26 February 2008

If It Ain't Broke ...

Last week, I made "Rice and Onion Chicken Casserole" from Betty Crocker's Good and Easy Cookbook (Macmillan, 1996). It's basically uncooked white rice mixed with condensed cream of mushroom soup, tinned sliced mushrooms, milk, onion soup mix, and boneless skinless chicken breasts. I used low fat/sodium ingredients and it came out pretty tasty (even if still not amazingly nutritious).

In making this dish I learned something new. Namely, that long grain white rice I use contains no fiber. None. This was obvious when I stopped and thought about it -- with white rice the hull and bran has been removed -- but had never occurred to me before. Obviously, using brown rice instead of white would add fiber to this dish and make it moderately more healthful. Of course, I don't usually use brown rice (though I will be now) and am not sure if it would cook the same way in the casserole.

Because we liked this casserole, I had to go and try my own version of it this week. I used uncooked white rice mixed with condensed cream of asparagus soup, 1" pieces of uncooked leftover asparagus, milk, McCormick Salt Free Garlic & Herb Seasoning, and boneless skinless chicken breasts. It was ... okay. Not nearly as good as the original. I think I should have used leek soup mix instead of the salt free seasoning and cut the asparagus stems into half inch pieces. My version wasn't terrible, but we didn't eat the leftovers and that's always a sure sign of failure.

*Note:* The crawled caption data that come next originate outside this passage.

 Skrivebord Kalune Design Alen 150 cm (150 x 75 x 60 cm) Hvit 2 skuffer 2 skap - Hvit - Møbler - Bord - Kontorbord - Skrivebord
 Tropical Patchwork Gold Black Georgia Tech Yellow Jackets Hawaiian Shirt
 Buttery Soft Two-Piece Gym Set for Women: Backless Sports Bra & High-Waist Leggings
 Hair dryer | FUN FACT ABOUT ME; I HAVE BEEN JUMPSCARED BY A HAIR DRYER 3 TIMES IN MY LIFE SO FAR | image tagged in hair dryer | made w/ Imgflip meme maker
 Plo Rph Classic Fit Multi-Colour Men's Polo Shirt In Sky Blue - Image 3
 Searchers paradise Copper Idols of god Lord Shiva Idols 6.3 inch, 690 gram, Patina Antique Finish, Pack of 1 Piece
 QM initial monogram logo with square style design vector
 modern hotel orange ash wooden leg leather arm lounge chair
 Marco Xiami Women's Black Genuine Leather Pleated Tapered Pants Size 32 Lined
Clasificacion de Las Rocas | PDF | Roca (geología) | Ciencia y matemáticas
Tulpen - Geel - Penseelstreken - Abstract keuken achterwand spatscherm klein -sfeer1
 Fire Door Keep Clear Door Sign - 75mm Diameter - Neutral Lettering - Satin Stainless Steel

On a happier note, I also made up a creamy penne and vegetable casserole which came out well enough I will share the recipe with you:
Creamy Penne & Vegetable Casserole

8 oz dried penne

1 red bell pepper, diced small
2 celery ribs, diced small
½ onion, diced small
½ tsp dried thyme
1 clove garlic, minced
1 T butter
1 can condensed low fat/sodium cream of mushroom (tomato might work, too)
½ c fat free Greek yoghurt
½ c 1% milk

Cook penne as directed on package. Cook pepper, celery, onion, thyme, and garlic in butter over medium until tender. Remove from heat. Stir in soup, sour cream, and milk. Stir in cooked penne. Pour into a 1 ½ quart casserole and bake, covered, about 30 minutes.

22 February 2008

When is a Pudding a Popover?

At six this morning there was already an inch of snow on the driveway and the weathermen were all in a lather about how very bad it was going to be further north and I decided that this is what I have vacation days for. Why drive an hour north into the dark heart of the storm? I would probably be able to get to work, but how hard would it be to get back home? We had a pisser of a storm back in December that was bad enough I left work two hours early. Good thing, because it took two and a half hours to get home and I ran out of audiobook.

The horror! The horror!

Anyway, as I had anticipated neither the storm nor my being home all day, there were insufficient groceries in the house to feed us. So, I ate The Husband. No. (He is delicious, yes, but probably not that nutritious). Really, I heated up some frozen chicken soup, tossed a salad, and whipped up a batch of popovers (soup requires a bread product and we were out of bread).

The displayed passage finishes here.